Brief :: With the pictures left out, write out exactly the lines of the listing below that run from the line with "American Tourister Laptop" through the line with "Appartement à vendre".

Study material ::
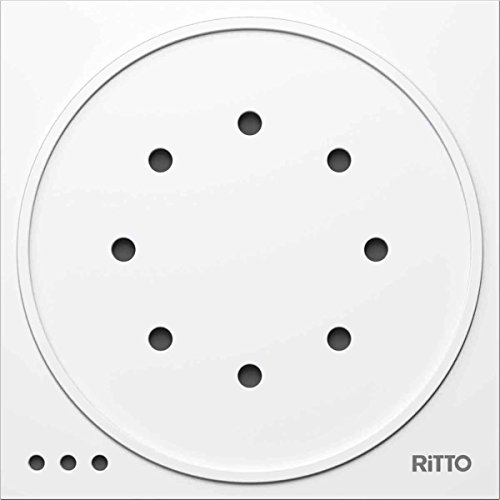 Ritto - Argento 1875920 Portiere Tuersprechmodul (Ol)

---

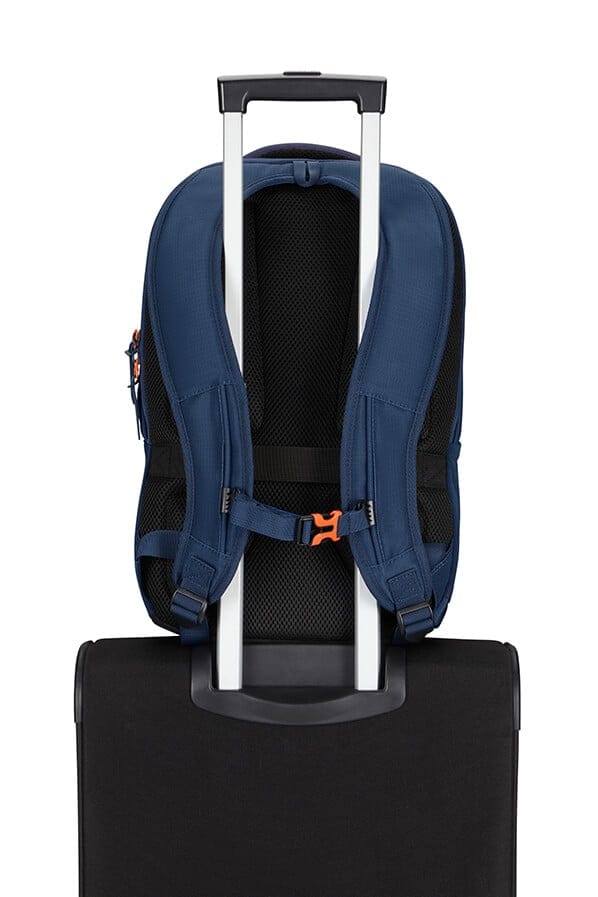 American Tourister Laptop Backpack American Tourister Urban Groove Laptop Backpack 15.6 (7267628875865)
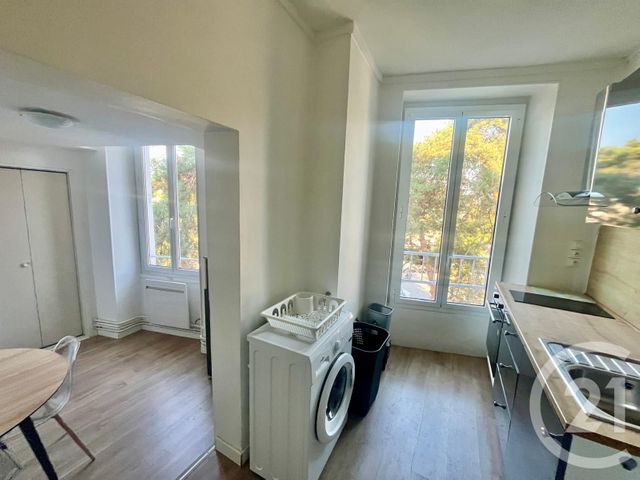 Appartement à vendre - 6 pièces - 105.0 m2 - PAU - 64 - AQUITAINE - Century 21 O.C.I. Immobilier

==

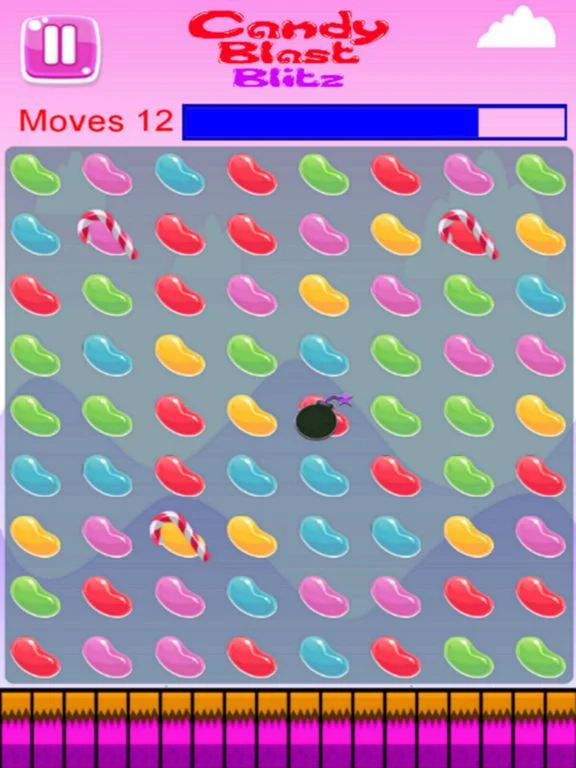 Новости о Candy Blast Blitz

Task solution ::
 American Tourister Laptop Backpack American Tourister Urban Groove Laptop Backpack 15.6 (7267628875865)
 Appartement à vendre - 6 pièces - 105.0 m2 - PAU - 64 - AQUITAINE - Century 21 O.C.I. Immobilier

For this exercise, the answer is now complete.